Era manhã de domingo, mas eu não tinha o mar. Mas tinha o vento, e uma caneca de chope trincando na minha frente. Bebi o chope feliz da vida por aquele instante mágico, as palavras da Cris me inundando com a mais pura e genuína felicidade. Sabe quando a gente torce pra que um momento não termine nunca? Que possa durar mais, um pouquinho mais, muito mais? Pois é... Isso pra mim é felicidade. A felicidade, amigo, está em lugares tão simples que muitos são infelizes simplesmente porque a buscam em locais não frequentados por ela.

Tentei puxar da memória outras poesias que falassem de vento.Mudou a minha vida e mais/ Pedi ao vento pra trazer você aqui/ Morando nos meus sonhos e na minha memória/ Pedi ao vento pra trazer você pra mim/  Vento traz você de novo/ Vento faz do meu mundo novo/ E voe por todo mar e volte aqui.../ E voe por todo mar, e volte aqui.../ Pro meu peito...”. “O vento” mais do que depressa deitou no pensamento. Composição do Márcio Buzelin, interpretada pelo Jota Quest.

“Me leva, o vento me leva pra ela/ me leva, me faça ficar junto dela/ É desse amor que eu preciso, preciso e não posso esquecer/ Eu faço de tudo no mundo pra não te perder, me leva”. Esse samba eu tenho aqui num CD interpretado magistralmente pelo Diogo Nogueira. Tô tirando no violão. Uma delícia.

Gosto especialmente de uma do Roberto Carlos. Aliás, adoro as composições antigas dele. Esta é bem delicada: “Virgem, menina morena, nos cabelos uma trança/ no rosto um jeito criança/ Na voz um canto mulher/ Virgem, menina morena, nos olhos toda a primavera/ No corpo uma longa espera/ Coração banhado em fé/ A tarde corre pra noite/ A lua desperta sorrindo/ A menina na janela/ Botão em flor se abrindo/ Nasceu o primeiro desejo/ Conhecer o primeiro amor/ Na história de um poeta/ A menina acreditou/ Mas o poeta foi um dia/ E até hoje não voltou/ Ninguém sabe o caminho/ Que o poeta levou/ O vento que foi com ele/ Um dia por lá voltou/ Mas só que voltou sozinho/ E a menina chorou/ Na história do poeta/ A menina acreditou/ E dos olhos da menina/ Uma lágrima rolou”. “A menina e o poeta”, e o vento que voltou sozinho.

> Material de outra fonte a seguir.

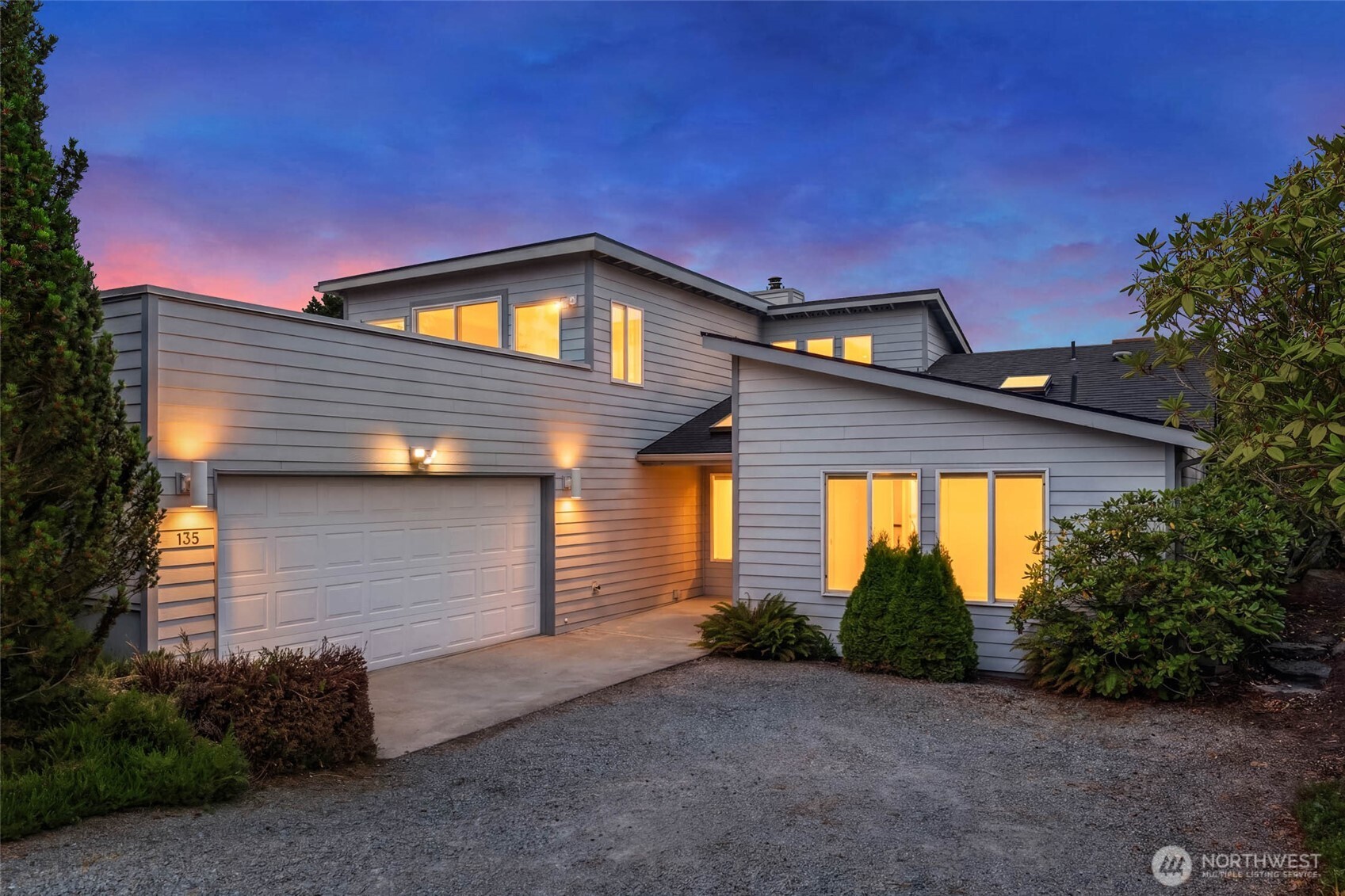 135 Lummi Drive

Fiquei no Fritz tomando chope na companhia da poesia dos grandes poetas. E quer melhor companhia? E do vento, claro, que me acarinhava docemente. “Deixa ele carinhar, Sergio. Deixa ele carinhar”, eu ouvia a Cris.

Ilustração: John William Whaterhouse

Comentários

Zoraya disse…
Que brisa delicada essa crônica,Sergio! E obrigada por ter me apresentado ao John William Whaterhouse!
Cristiana Moura disse…
Sérgio, que heresia a minha. Hoje, apenas hoje, li esta crônica. O que posso dizer? Sem palavras e, ao mesmo tempo, acarinhada pelas suas palavras em meu novo-velho momento de alternância entre solidão e solitude.